• _GIVEN INFORMATION_:

***

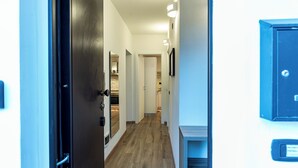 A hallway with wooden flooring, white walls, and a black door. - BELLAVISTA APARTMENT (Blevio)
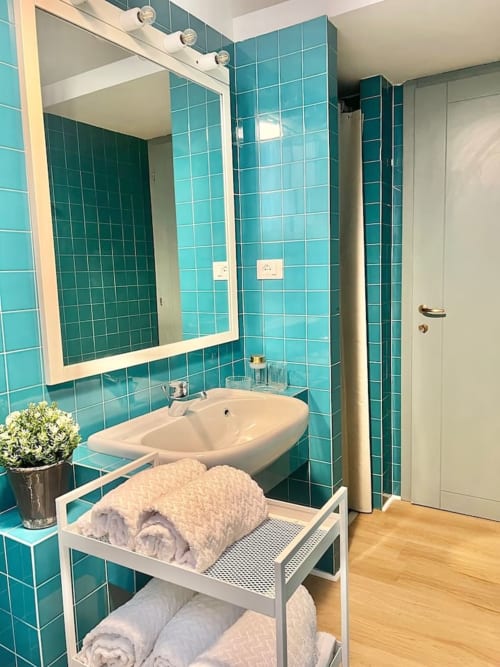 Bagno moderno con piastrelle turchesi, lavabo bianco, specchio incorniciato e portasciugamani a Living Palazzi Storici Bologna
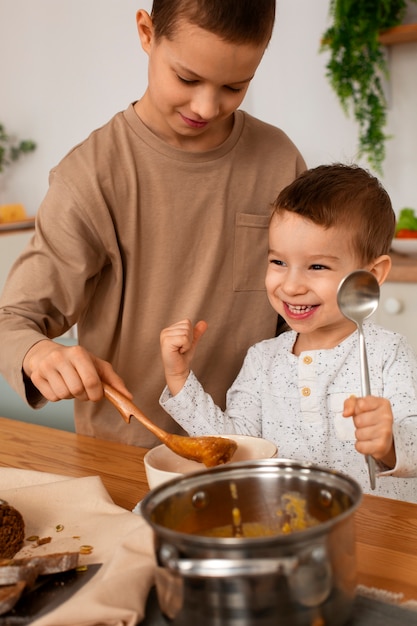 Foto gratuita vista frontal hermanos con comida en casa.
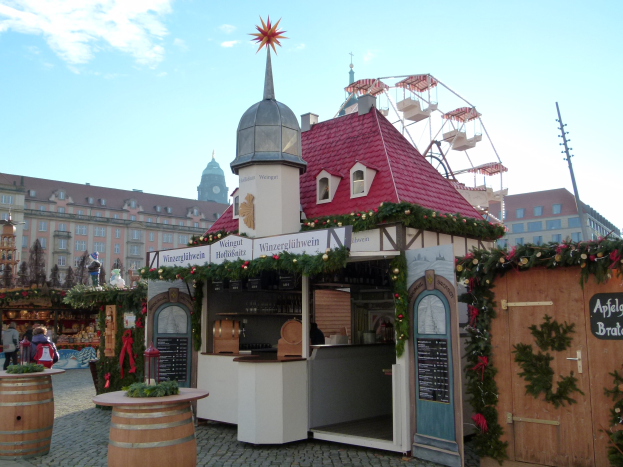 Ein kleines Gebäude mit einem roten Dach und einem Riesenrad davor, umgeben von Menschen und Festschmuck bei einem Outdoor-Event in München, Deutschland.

***

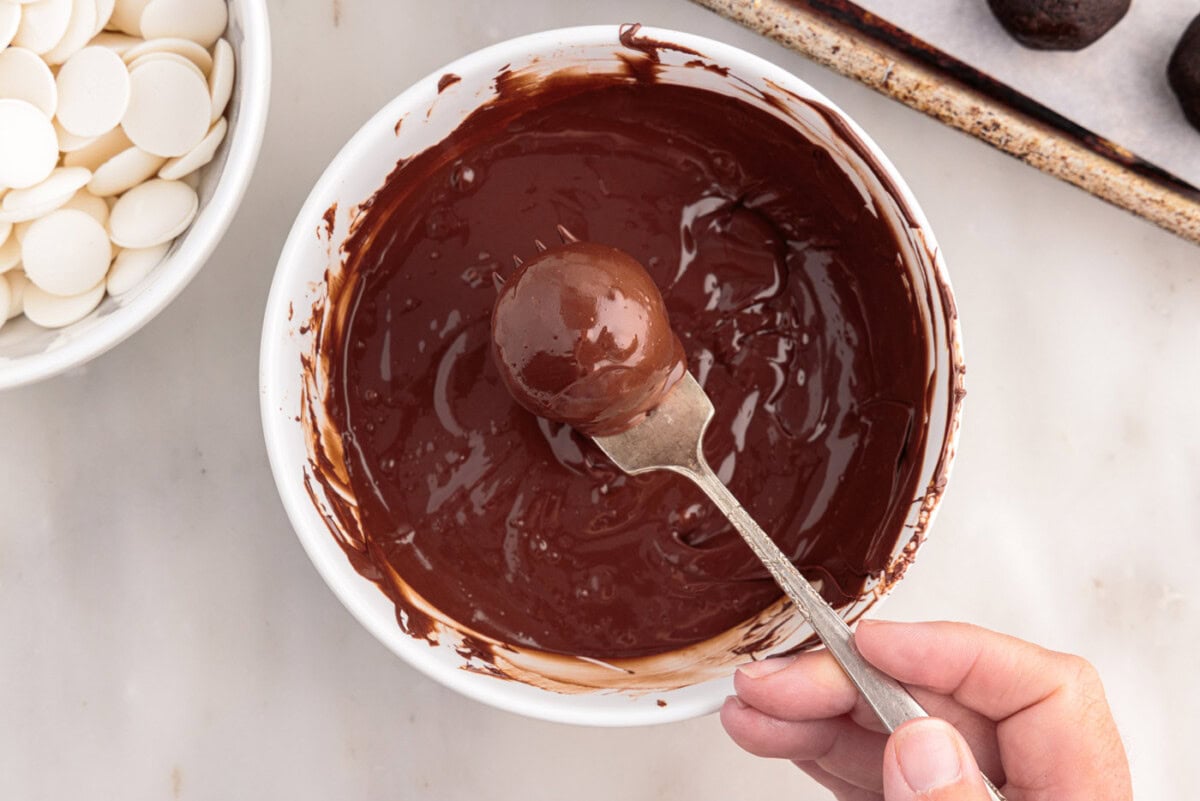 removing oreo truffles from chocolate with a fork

***

• _EXERCISE_: Quote the lines above exactly, starting with the one that has "A hallway with" and ending with the one that has "Ein kleines Gebäude"; drop the pictures and include nothing else.

• _OUTPUT_:
 A hallway with wooden flooring, white walls, and a black door. - BELLAVISTA APARTMENT (Blevio)
 Bagno moderno con piastrelle turchesi, lavabo bianco, specchio incorniciato e portasciugamani a Living Palazzi Storici Bologna
 Foto gratuita vista frontal hermanos con comida en casa.
 Ein kleines Gebäude mit einem roten Dach und einem Riesenrad davor, umgeben von Menschen und Festschmuck bei einem Outdoor-Event in München, Deutschland.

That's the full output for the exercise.